As told to Gabriella Souza: It was serendipitous because when my exhibit Rewind opened at the Creative Alliance in 2015, it was the same month that [the D. W. Griffith movie] The Birth of a Nation opened 100 years before, and that had set off a wave of white protectionism and fear in America. One of the reasons why my work is around this aspect of history is that history is repeating itself over and over again. My point was that hate groups still exist and they’re relevant and they’ve changed form. Several of the Ku Klux Klan robes I made for my show are camouflage, and I wanted to show that racism can have a stealth form, it have can have a protectionist or nationalist bent. But the thing is, you can’t always prove that it is what it is, you can’t always prove that you’re being treated differently, although you saw the person in front of you get called ‘sir’ and you aren’t getting called ‘sir’. It’s maddening, but the thing that I’ve realized is that people don’t realize what they’re doing. Even well-intended progressives, who think they’re being fair, are not acknowledging their surroundings. I love that there are a lot of white people who are putting out Black Lives Matter signs, but black neighbors matter—look at your neighborhood. Black jobs matter—look at your workplace. Who’s around you, who’s not around you? You’re in a city, Baltimore, that’s 64 percent black.
Paul Rucker’s Proliferation.
“My point was that hate groups still exist and they’re relevant and they’ve changed form.”
After the [2016 presidential] election, I realized that I didn’t need to take my show to New York or Los Angeles or Chicago—this show needed to be seen in smaller places. It’s going to Ferguson, then to York, Pennsylvania, then the Institute for Contemporary Art at Virginia Commonwealth University in Richmond. Ferguson couldn’t pay for it, so I sold a piece of mine to the University of Maryland, College Park, to fund my airfare and the airfare of the photographer documenting the show, as well as the cost of shipping, building, and presenting the show. I don’t sell a work to sell a work. Anything that I sell dealing with people’s deaths, I put the money back into a show or give it to another institution.

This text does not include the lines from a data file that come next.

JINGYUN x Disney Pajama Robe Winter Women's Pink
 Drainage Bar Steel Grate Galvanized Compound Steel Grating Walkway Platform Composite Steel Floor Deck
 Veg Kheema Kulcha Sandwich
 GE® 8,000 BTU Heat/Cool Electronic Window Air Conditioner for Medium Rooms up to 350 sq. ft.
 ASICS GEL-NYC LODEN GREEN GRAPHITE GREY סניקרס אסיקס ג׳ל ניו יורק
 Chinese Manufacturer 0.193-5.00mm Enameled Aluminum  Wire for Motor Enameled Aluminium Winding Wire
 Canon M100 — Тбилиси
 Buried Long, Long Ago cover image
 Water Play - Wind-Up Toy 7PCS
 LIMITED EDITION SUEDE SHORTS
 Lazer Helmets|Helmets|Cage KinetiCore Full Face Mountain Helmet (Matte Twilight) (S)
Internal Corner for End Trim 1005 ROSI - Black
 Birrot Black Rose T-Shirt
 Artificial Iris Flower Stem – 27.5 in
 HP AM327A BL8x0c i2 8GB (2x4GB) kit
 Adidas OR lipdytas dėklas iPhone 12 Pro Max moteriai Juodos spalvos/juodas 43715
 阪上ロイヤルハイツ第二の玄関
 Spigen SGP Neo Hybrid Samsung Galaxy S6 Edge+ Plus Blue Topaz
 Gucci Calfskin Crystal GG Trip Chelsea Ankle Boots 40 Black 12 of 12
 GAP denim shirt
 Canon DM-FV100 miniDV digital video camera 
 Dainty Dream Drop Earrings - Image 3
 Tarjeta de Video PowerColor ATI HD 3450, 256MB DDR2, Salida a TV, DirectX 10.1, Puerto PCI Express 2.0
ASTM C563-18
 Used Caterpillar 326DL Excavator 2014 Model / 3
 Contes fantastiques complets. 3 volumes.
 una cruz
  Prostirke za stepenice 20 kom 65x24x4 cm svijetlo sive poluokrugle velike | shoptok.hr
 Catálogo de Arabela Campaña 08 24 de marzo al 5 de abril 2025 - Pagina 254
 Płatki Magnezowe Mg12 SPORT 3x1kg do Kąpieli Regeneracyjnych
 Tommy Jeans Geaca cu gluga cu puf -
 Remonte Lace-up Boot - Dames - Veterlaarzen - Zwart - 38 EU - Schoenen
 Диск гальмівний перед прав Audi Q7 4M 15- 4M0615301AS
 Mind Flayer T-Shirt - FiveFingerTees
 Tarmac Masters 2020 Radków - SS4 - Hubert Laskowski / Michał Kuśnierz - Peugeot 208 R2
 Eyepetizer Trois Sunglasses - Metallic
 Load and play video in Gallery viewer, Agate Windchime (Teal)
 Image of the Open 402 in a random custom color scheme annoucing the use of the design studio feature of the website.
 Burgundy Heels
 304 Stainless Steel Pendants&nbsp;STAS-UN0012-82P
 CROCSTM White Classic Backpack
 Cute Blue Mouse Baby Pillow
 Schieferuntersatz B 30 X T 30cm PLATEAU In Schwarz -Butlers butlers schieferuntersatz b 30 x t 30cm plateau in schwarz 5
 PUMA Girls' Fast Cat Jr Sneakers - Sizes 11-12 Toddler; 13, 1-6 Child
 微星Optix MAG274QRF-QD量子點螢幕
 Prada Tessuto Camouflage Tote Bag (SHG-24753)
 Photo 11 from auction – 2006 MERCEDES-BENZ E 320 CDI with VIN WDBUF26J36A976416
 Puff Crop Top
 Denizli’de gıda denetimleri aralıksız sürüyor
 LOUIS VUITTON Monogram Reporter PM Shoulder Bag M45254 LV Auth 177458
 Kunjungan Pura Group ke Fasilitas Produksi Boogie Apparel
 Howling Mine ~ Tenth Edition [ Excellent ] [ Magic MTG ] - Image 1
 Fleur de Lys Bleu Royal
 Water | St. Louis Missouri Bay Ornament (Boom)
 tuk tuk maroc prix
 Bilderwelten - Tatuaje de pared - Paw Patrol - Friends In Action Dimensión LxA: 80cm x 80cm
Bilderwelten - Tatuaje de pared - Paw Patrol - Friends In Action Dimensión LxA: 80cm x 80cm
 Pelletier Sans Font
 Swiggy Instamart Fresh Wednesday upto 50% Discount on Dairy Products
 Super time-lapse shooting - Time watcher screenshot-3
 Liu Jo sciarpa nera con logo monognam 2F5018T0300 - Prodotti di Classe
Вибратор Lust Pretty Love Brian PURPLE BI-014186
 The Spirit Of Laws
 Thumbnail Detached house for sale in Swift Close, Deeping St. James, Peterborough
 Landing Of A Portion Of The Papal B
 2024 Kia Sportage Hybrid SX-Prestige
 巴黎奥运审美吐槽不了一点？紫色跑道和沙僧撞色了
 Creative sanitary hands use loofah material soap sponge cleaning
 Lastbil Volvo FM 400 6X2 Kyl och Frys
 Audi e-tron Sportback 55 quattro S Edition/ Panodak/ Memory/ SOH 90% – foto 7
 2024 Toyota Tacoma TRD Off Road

Being in Baltimore, it’s really important that we know more about slavery since this was a major slave port. We need to emphasize that slaves were not just big black men. They were pregnant women working in the fields, they were children, as soon as they could walk, who were made to shoo birds away from the field or participate in manual labor. This is important to me, but it should be important to America and American history as far as how we got here today, and who benefitted from these atrocities, and who’s benefitting now. We have to think about why we have what we have in place and how we got here—and if we don’t, it’s not going to be pretty. We’re wrestling with the soul of our city, and this city and this country are suffering.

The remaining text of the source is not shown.